コロナ借換保証で返済軽減、中小は経営改革のテコに

 コロナ禍で中小企業や個人事業者の資金繰り危機をひとまず救ったのが「民間ゼロゼロ融資」と呼ばれる無担保、3年間実質無利子のコロナ対応融資だった。ただ、苦境から脱し切れていない企業が多いなか、民間ゼロゼロ融資の多くが元本返済の開始時期を迎えつつある。中小企業庁では、「コロナ借換保証」を設け、主に民間ゼロゼロ融資の返済負担を軽減することによって中小企業の経営を支援する。

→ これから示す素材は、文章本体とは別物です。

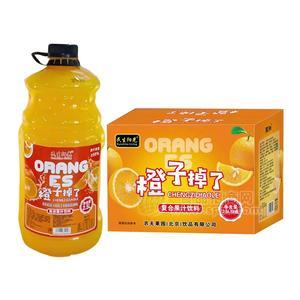 民生陽光橙子掉了復合果汁飲料2.5LX6瓶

 民間ゼロゼロ融資は、当初3年間は実質無利子で融資を受けられ、信用保証料も原則無料だった。民間ゼロゼロ融資の保証承諾実績は計137万件の総額23兆円にのぼり、公庫融資や持続化給付金などとともに中小企業の資金繰りを支えた。一方で、据置期間のない融資や短い融資では返済がすでに始まっているが、据置期間3年程度のものは2023年7月から2024年4月にかけて集中的に返済開始時期が訪れる。

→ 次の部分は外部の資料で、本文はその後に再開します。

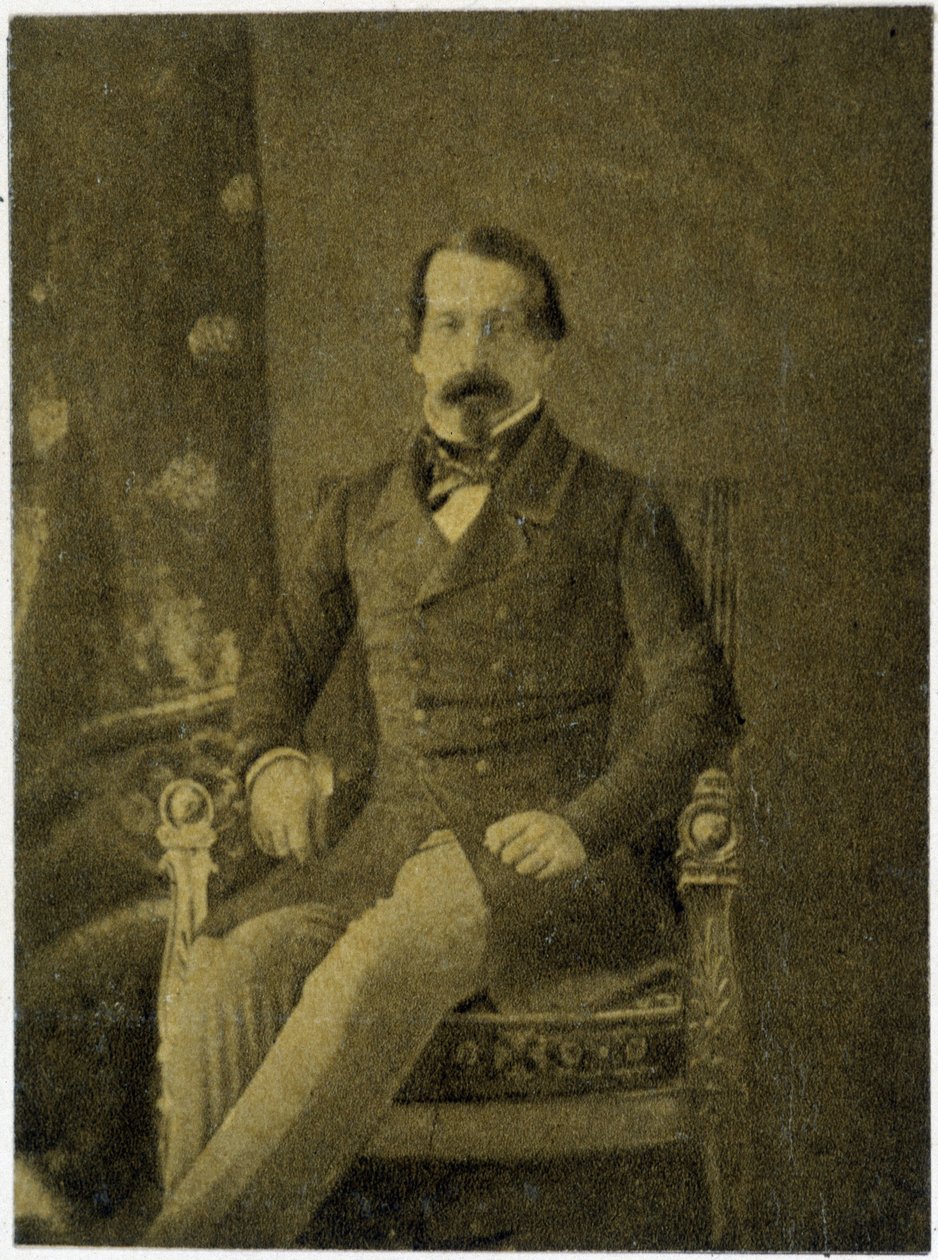 Portret Napoleona III: „”Prezydent Książę (1852). autorstwa Unknown photographer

 据置期間と無利子期間の終了にともなう元本返済、利払いの開始が重なると、倒産が増える恐れがある。そこで、主に民間ゼロゼロ融資を新たな融資に借り換えることによって返済負担の軽減を図るため、中企庁は、国が保証料の一部を補助するコロナ借換保証を創設した。最近1ヵ月の売上高が前年同月より5%以上減少した事業者や、売上高がコロナ禍前より20%以上減少している事業者などが対象となる。受付は1月から始まっている。

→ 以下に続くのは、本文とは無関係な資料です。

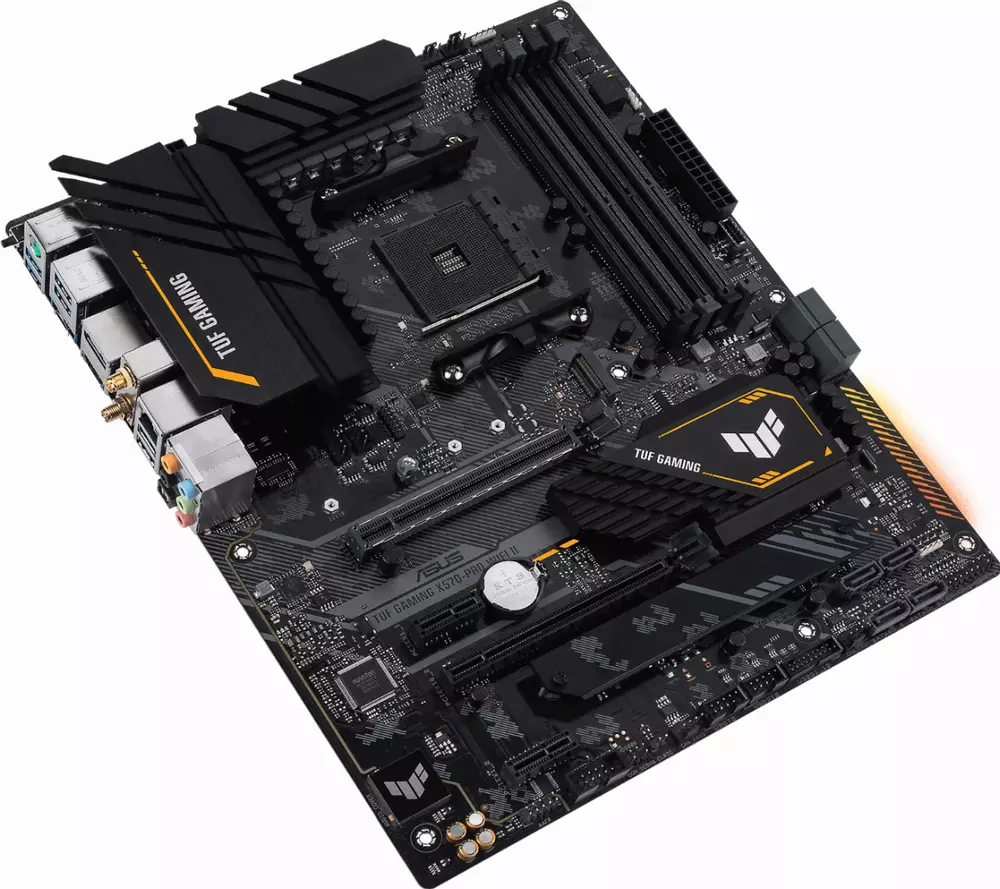 Дънна платка ASUS TUF GAMING X570-PRO WIFI II, AMD AM4, ATX, 4x DDR4, dual M.2, WiFi 6E, PCIe 4.0, Aura Sync RGB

 この制度を利用すると、最長10年の融資に借り換えられ、そのうち最長5年を据置期間に設定できる。ただし、借換え後の融資には民間ゼロゼロ融資と違って無利子期間がない。信用保証料については、保証料率を0.85%から0.2%まで引き下げるなどの補助を国が措置することで事業者の負担を軽減している。国の補助に加え、独自の補助を上乗せしてさらに低率、あるいは無料とする自治体もある。

 コロナ借換保証による融資には、コロナ禍で苦しむ企業は資金繰りのためだけでなく、事業の再構築などの前向きな投資のための資金調達にもこの制度を使うことができる。制度を利用する際には、事業計画(経営行動計画書)の策定が必要となる。その中には、自社の現状認識に関する分析や長期的な将来目標、その基盤を作るための具体的な行動プラン、収支・返済計画などを盛り込むことになっている。

 本年1月の受付開始から5月末までに全国の信用保証協会が応諾したコロナ借換保証は約4万件・1兆円にのぼる。そして、コロナ禍前への回復を待つだけでは、膨らんだ負債で経営が立ち行かなくなる恐れのある企業が増えかねない。中小企業庁はコロナ借換保証などを通じて、自社の特徴を生かす工夫を凝らしながら生産性や収益力を高めようとする企業の取組みを支援していくとしている。